## EXERCISE OBJECTIVE
Among the entries below, the lines from the one with "I can then assign" up to and including the one with "So one thing" are to be restated exactly, without pictures.

## INPUT RECORDS
-- Opening Marker --
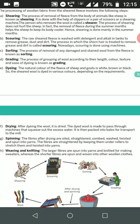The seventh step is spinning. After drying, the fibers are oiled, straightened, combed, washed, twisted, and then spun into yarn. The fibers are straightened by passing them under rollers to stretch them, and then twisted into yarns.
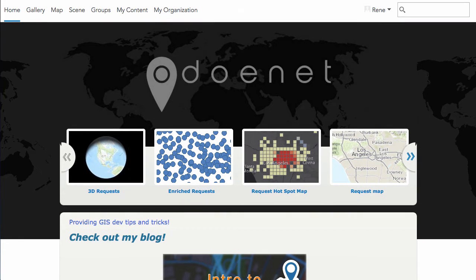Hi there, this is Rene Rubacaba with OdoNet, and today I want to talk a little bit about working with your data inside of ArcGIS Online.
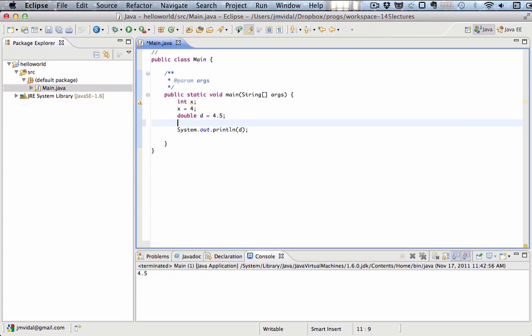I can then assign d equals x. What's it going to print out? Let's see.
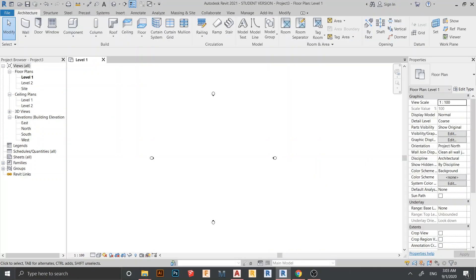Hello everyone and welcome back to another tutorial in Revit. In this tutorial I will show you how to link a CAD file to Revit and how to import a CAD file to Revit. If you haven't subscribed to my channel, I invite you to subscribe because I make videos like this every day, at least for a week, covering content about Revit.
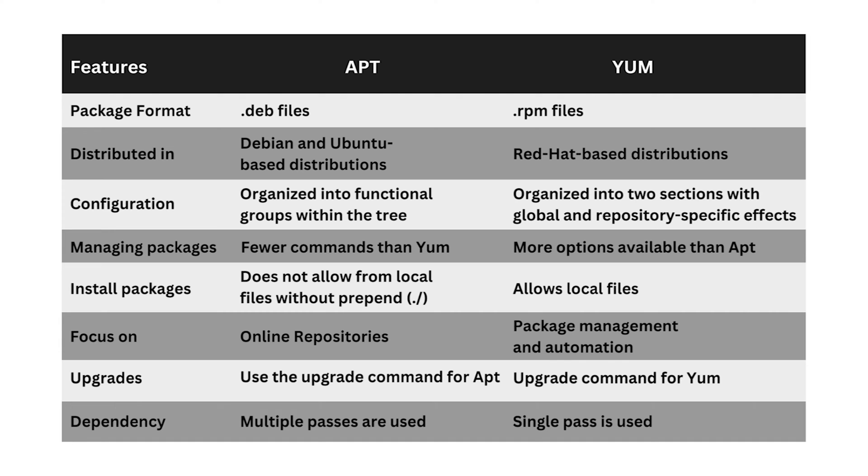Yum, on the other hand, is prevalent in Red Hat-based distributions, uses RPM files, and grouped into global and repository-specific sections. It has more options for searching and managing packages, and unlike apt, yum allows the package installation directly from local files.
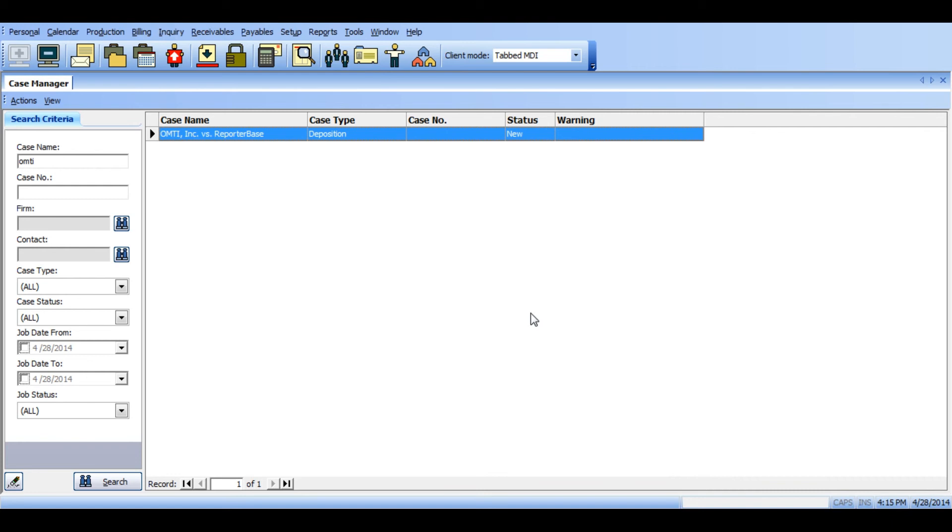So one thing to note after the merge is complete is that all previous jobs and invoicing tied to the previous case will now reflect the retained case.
-- Closing Marker --
-- Opening Marker --
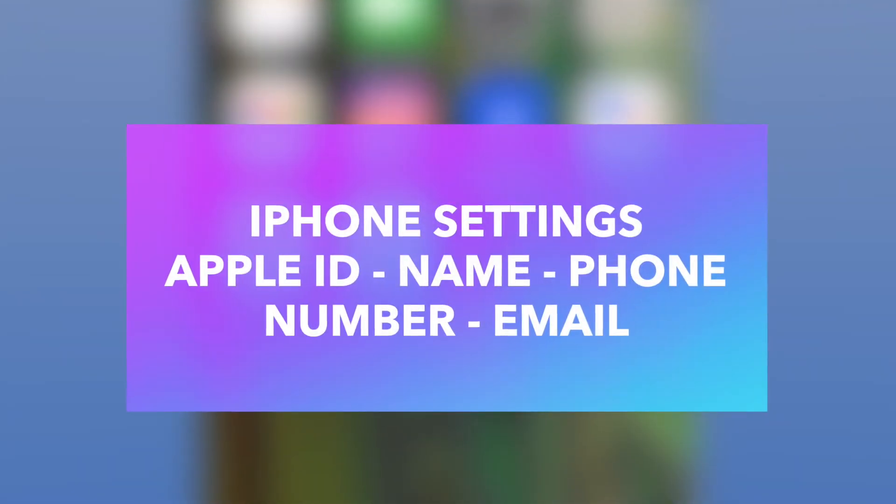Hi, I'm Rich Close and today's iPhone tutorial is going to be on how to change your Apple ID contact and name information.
-- Closing Marker --
-- Opening Marker --
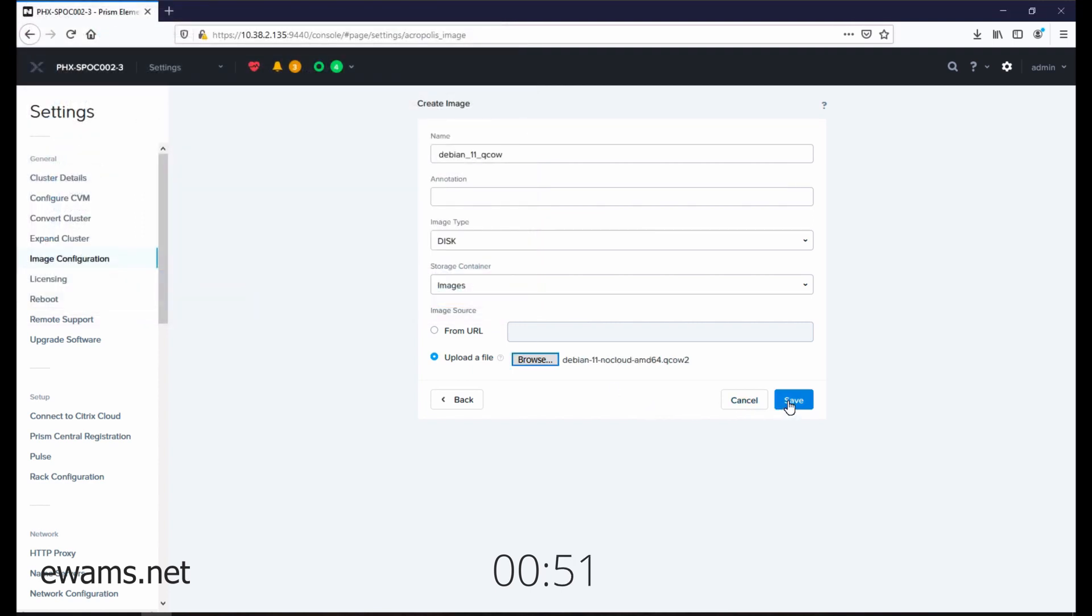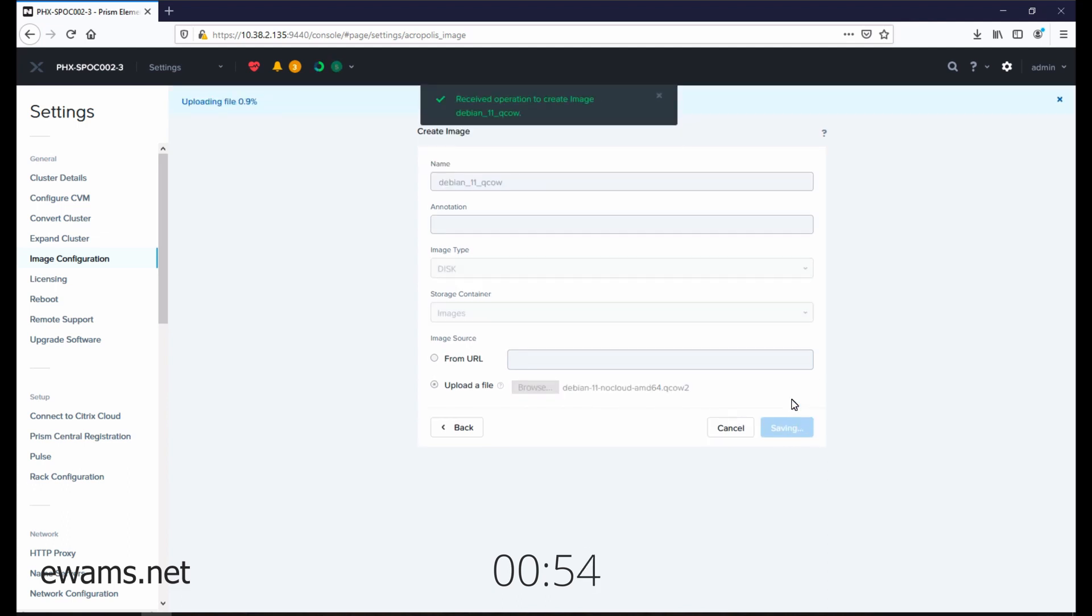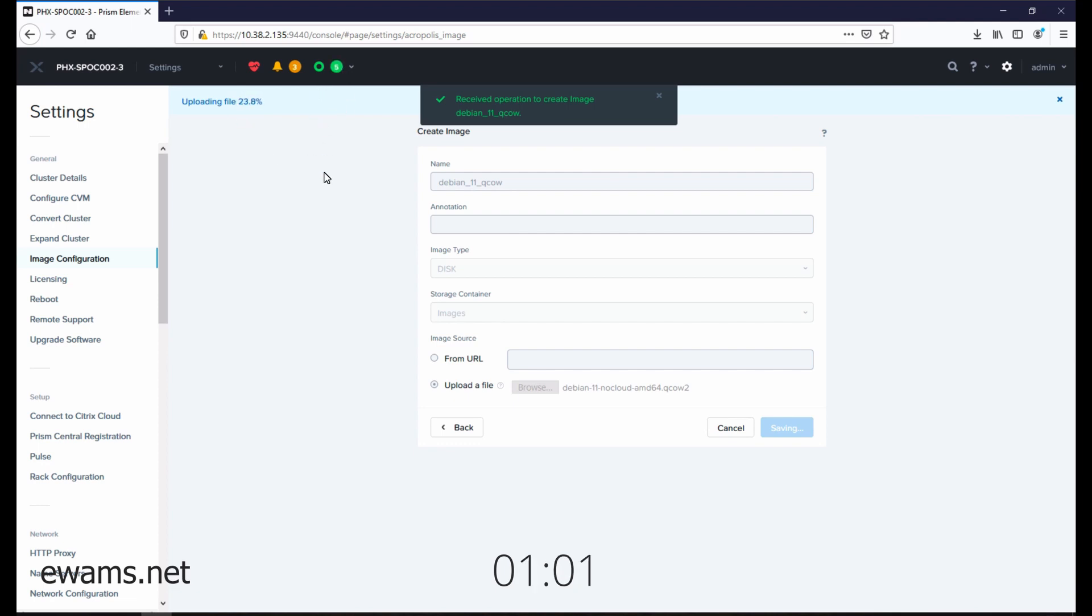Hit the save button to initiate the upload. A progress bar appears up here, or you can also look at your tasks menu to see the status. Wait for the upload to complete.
-- Closing Marker --
## RESPONSE TO THIS TASK
I can then assign d equals x. What's it going to print out? Let's see.
Hello everyone and welcome back to another tutorial in Revit. In this tutorial I will show you how to link a CAD file to Revit and how to import a CAD file to Revit. If you haven't subscribed to my channel, I invite you to subscribe because I make videos like this every day, at least for a week, covering content about Revit.
Yum, on the other hand, is prevalent in Red Hat-based distributions, uses RPM files, and grouped into global and repository-specific sections. It has more options for searching and managing packages, and unlike apt, yum allows the package installation directly from local files.
So one thing to note after the merge is complete is that all previous jobs and invoicing tied to the previous case will now reflect the retained case.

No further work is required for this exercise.